- _Problem_
Below are records with pictures. Reproduce exactly the lines from the line with "New 2026 Nissan" to the line with "1.5 Turbo 6,6kW PHEV ACC PANO BLIS HEAT 20\", inclusive, and leave each picture out.

====== Working data ======

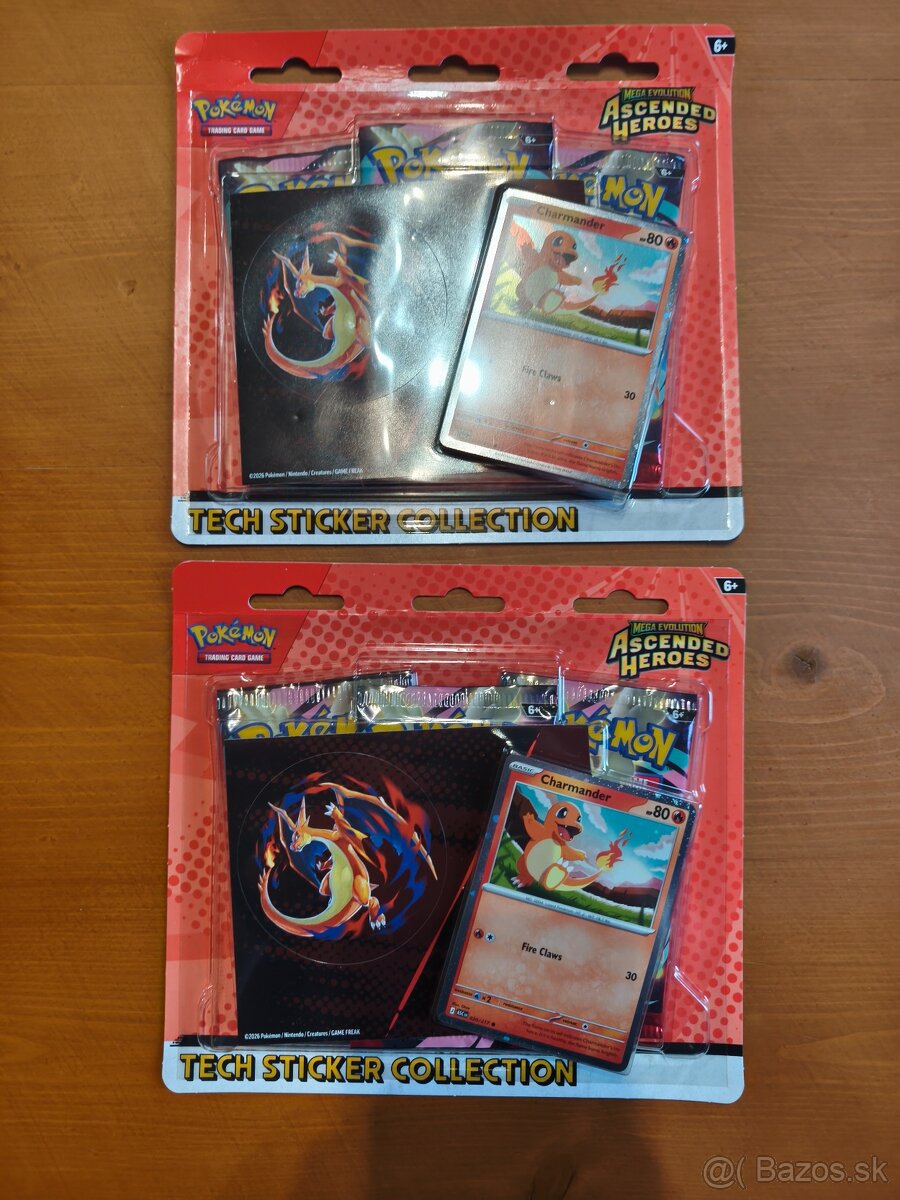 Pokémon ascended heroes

======
====== Working data ======

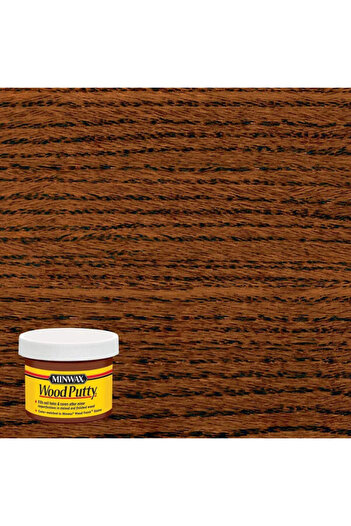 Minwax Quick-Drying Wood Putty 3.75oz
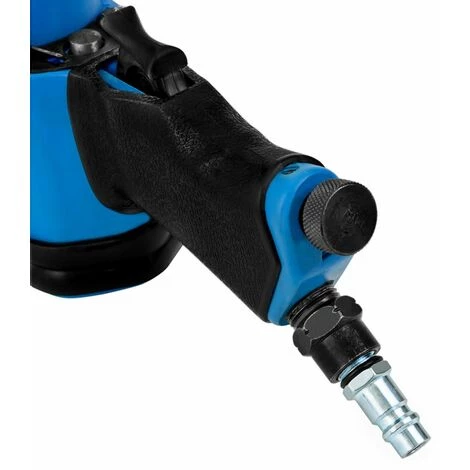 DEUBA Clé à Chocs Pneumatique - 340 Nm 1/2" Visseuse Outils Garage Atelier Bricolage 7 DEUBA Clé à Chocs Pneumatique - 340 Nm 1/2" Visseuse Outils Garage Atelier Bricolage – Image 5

======
====== Working data ======

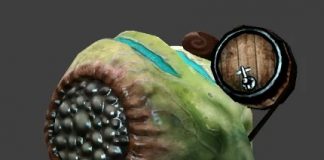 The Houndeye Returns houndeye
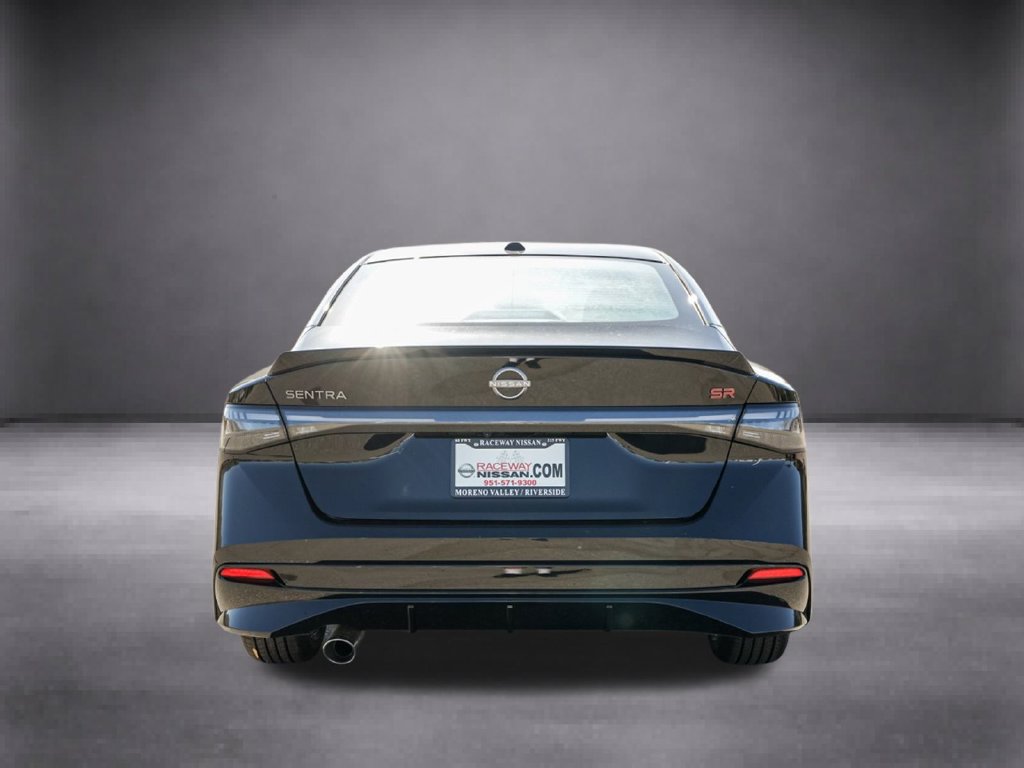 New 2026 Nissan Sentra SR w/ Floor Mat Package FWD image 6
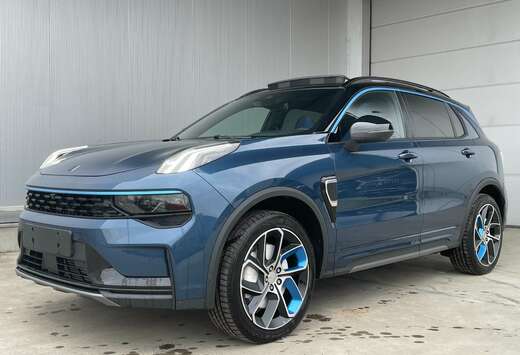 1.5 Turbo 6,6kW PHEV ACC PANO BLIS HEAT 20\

======

- _Solution to the problem_
 New 2026 Nissan Sentra SR w/ Floor Mat Package FWD image 6
 1.5 Turbo 6,6kW PHEV ACC PANO BLIS HEAT 20\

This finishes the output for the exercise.